Exercise requirements:
Everything in the records below from the line containing "BDG Urban Outfitters" through the line containing "Lost Lake Picnic" is to be reproduced exactly, those two lines included; no picture is to be copied.

Data to examine:
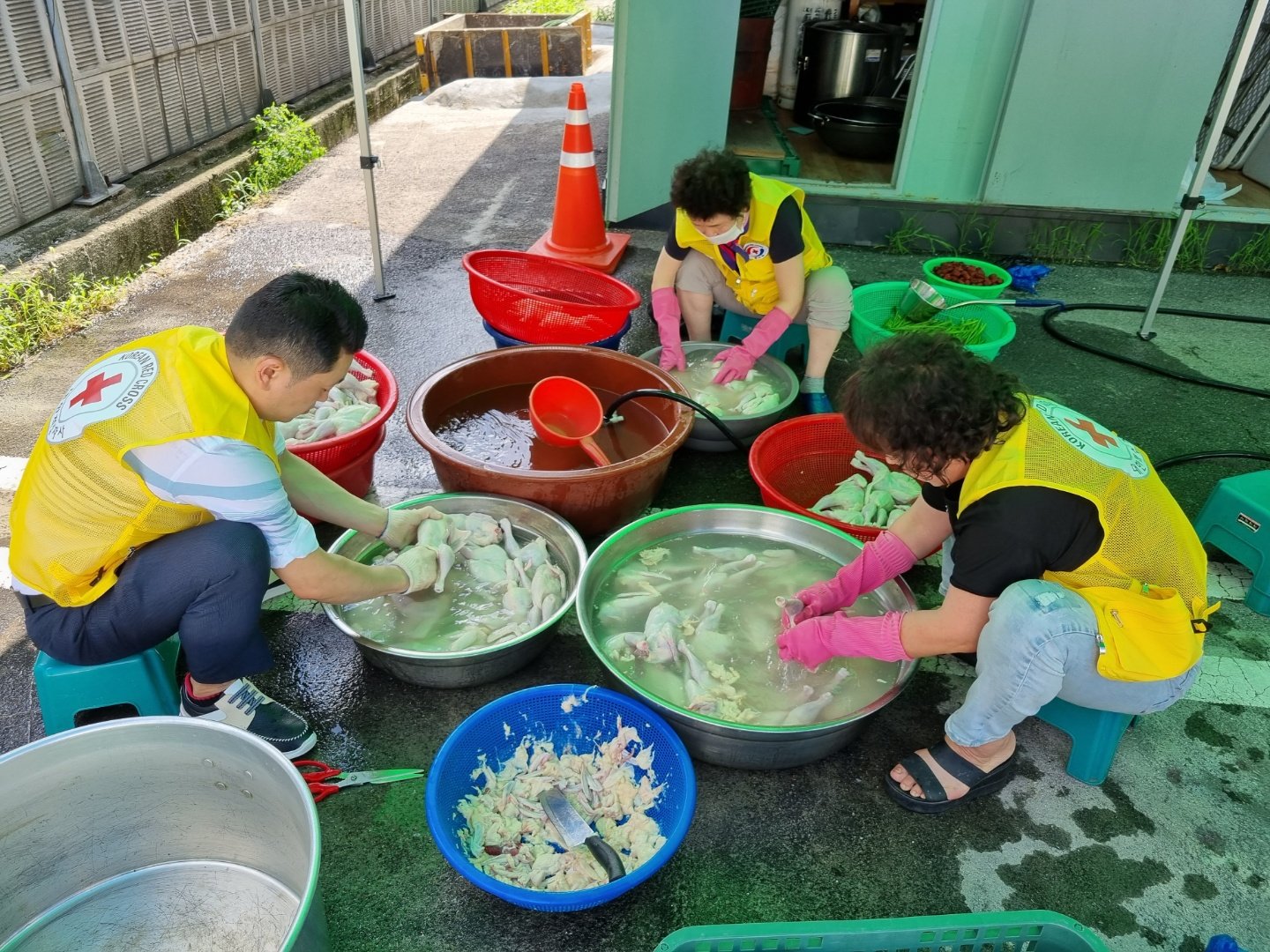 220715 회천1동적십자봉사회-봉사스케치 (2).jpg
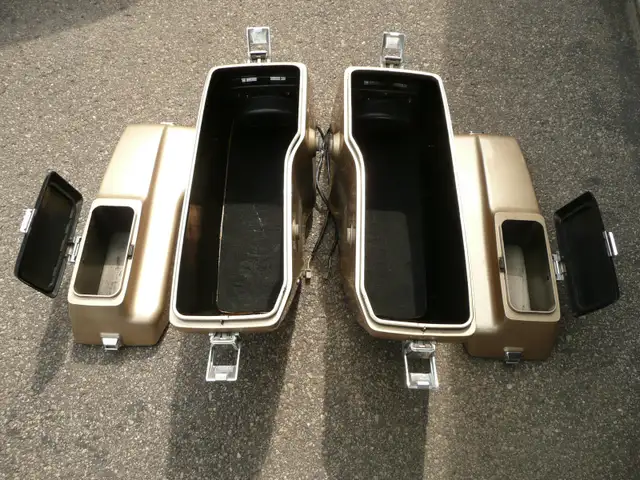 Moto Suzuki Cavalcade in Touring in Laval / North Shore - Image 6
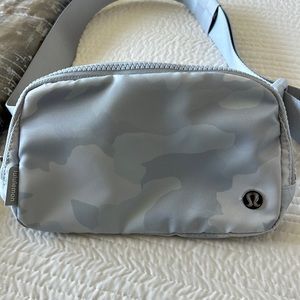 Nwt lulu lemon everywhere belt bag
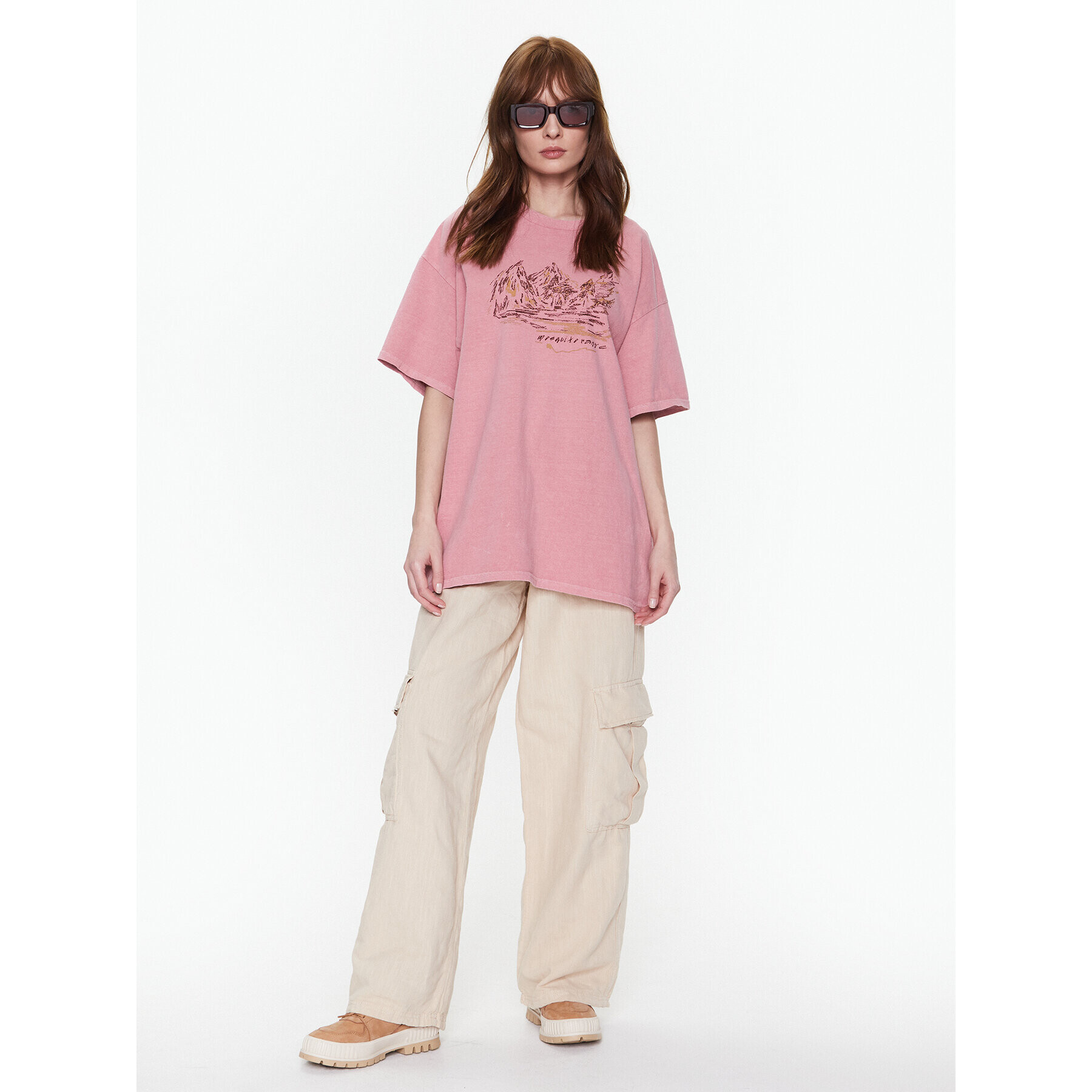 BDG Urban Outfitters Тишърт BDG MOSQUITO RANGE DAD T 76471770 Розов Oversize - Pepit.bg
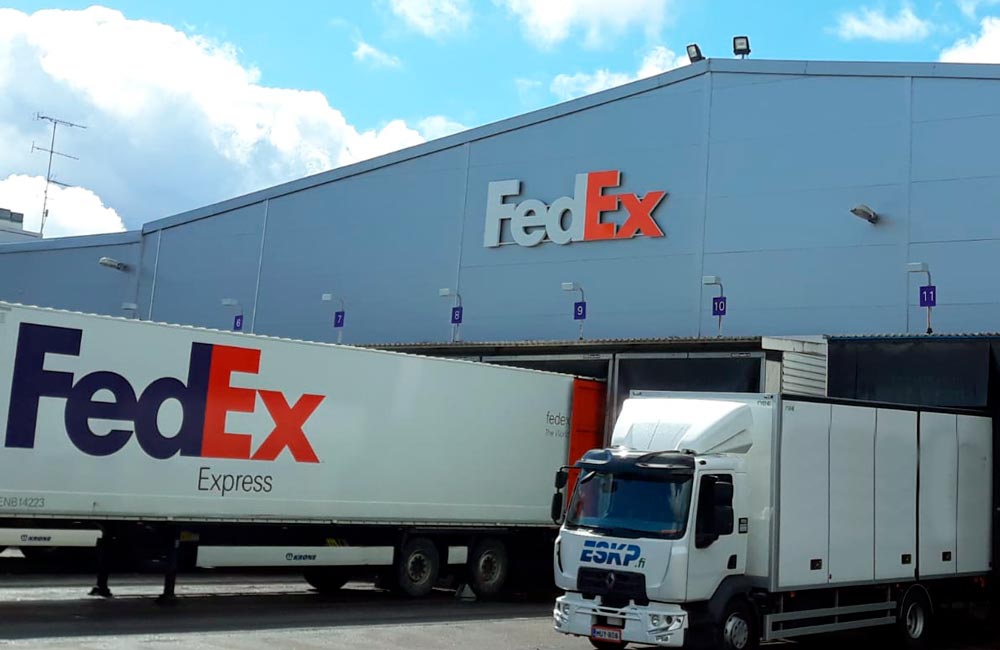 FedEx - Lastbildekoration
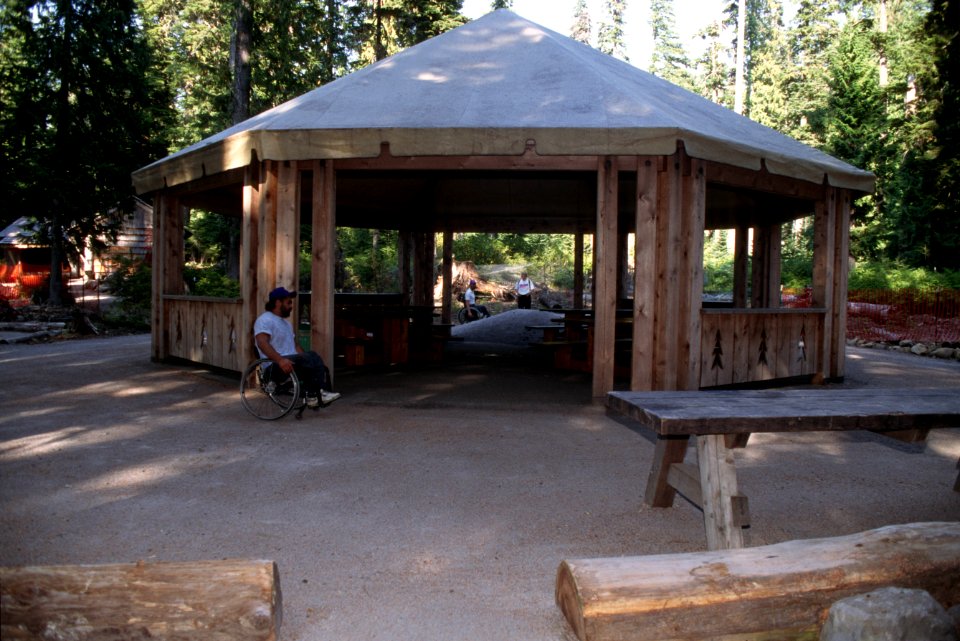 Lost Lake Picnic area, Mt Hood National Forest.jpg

==

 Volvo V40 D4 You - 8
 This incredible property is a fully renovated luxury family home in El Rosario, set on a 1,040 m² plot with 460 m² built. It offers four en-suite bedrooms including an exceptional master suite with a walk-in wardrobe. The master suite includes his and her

Answer area:
 BDG Urban Outfitters Тишърт BDG MOSQUITO RANGE DAD T 76471770 Розов Oversize - Pepit.bg
 FedEx - Lastbildekoration
 Lost Lake Picnic area, Mt Hood National Forest.jpg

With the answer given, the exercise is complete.